In the report, WARC Media predicts that global advertising spend will double its growth in 2024 with spend expected to top $1 trillion for the first time ever. Key to this growth is the adoption of artificial intelligence (AI). However, the growth of AI raises challenging questions about media quality and the future of advertising on the open internet. With concerns around media quality affecting all aspects of media planning and buying, The Future of Media 2024 report takes a look at platform power in the era of AI, the current state of linear TV, the future of attention measurement, and the growth of in-game advertising.
Paul Stringer, managing editor, research & insights, WARC, said: “As marketing budgets rebound in 2024, uncertainty swirls around where best to direct investments in media, the role of AI in planning, and how to assess media quality. And as politics temporarily engulf culture with impending elections in several major economies, and the threat of low-quality AI-generated content looms large, media environments that can offer suitable guarantees around brand safety will take on extra value.”
Some of the key trends outlined in The Future of Media 2024 include AI-based advertising solutions.

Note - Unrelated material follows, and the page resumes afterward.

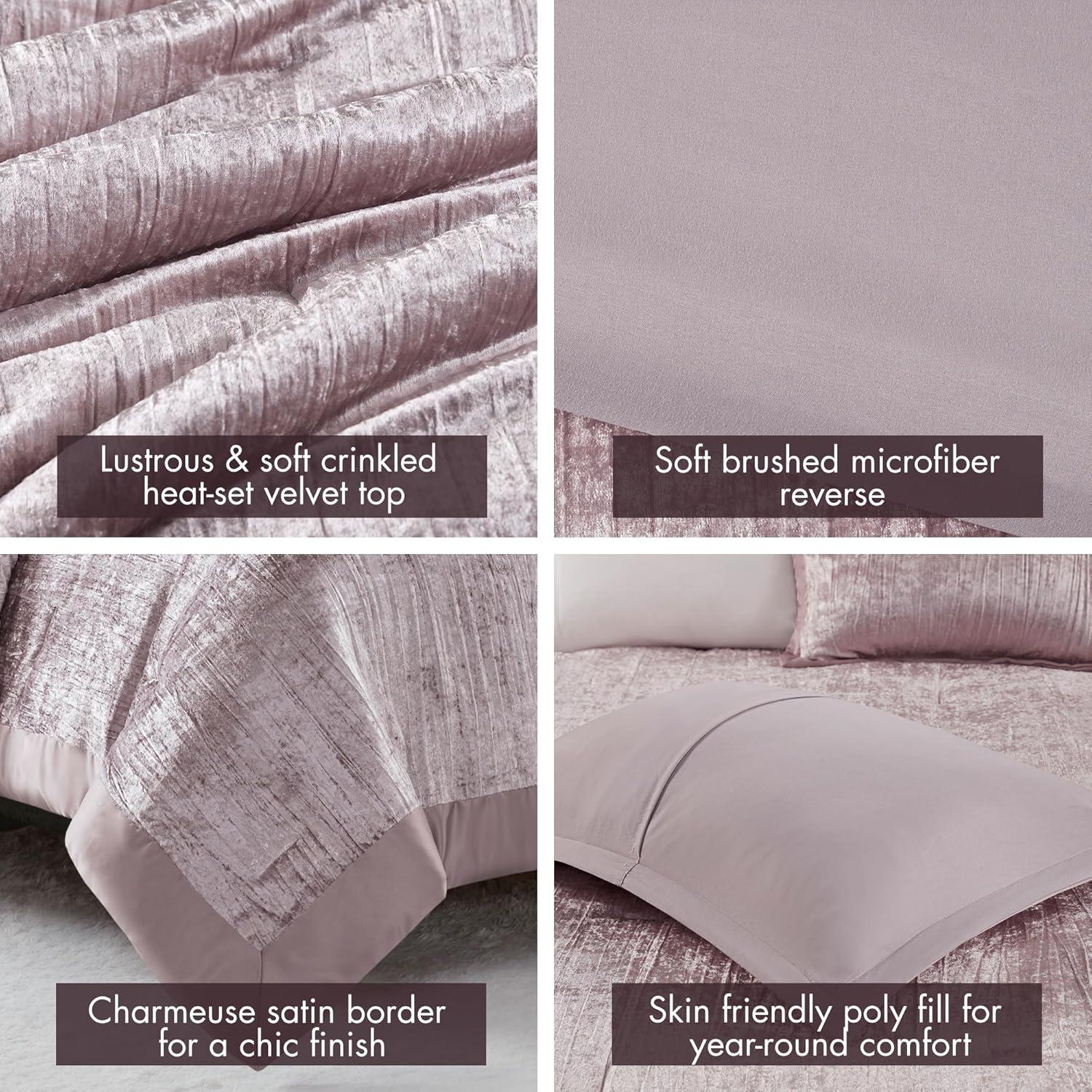 Blush Velvet Full Down Alternative 5-Piece Bedspread Set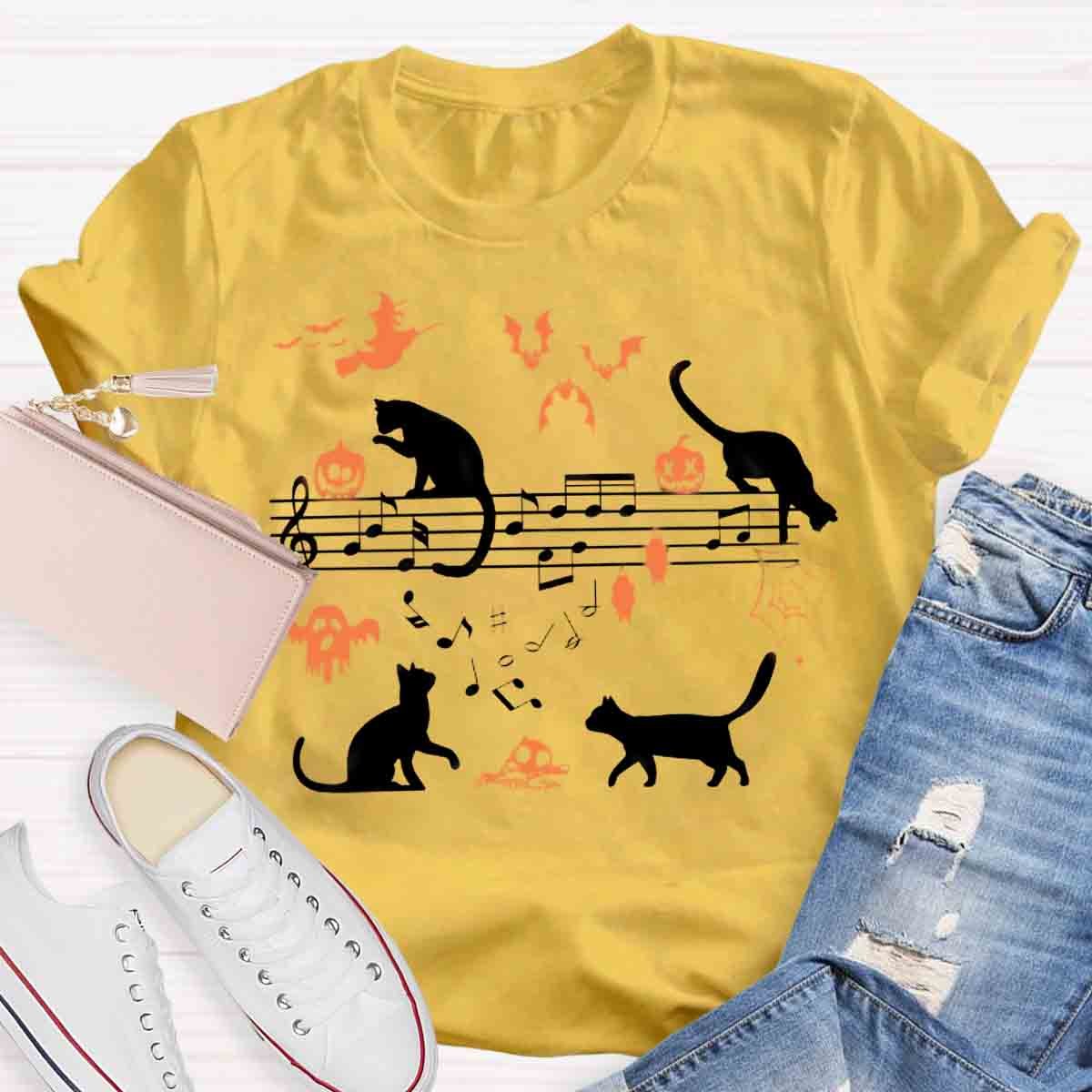 Ghost Cat Music Notes Halloween Music Teacher T-Shirt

While this has generated a fair deal of excitement among advertisers, these trends have also prompted fresh concerns about advertising transparency and increased speculation about the future of advertising on the open web. For agencies and brands, transparency should be prioritised when working with AI-based tools, AI-generated content is a threat to media quality and brand safety, and brands should take steps to protect their investments in open web advertising.
Furthermore, an increasing number of brands and agencies are embracing attention measurement as a means of assessing creative and media quality in 2024. However, a lack of common standards and substantial evidence are two potential barriers to attention measurement achieving widespread adoption and legitimacy.
A common criticism of attention measurement is that it is strongly biased towards visual media. The top tools used across all companies are eye tracking (50%), survey-based ad recall (46%), tuning duration/dwell time (42%) and facial coding (42%). The need to understand how attention works across different media channels and formats is resulting in more research and the building of new models of media quality. Brands and agencies should scrutinise vendor tools and methods, conduct their own experiments into attention to determine its value to their advertising, and prove the business effects of attention.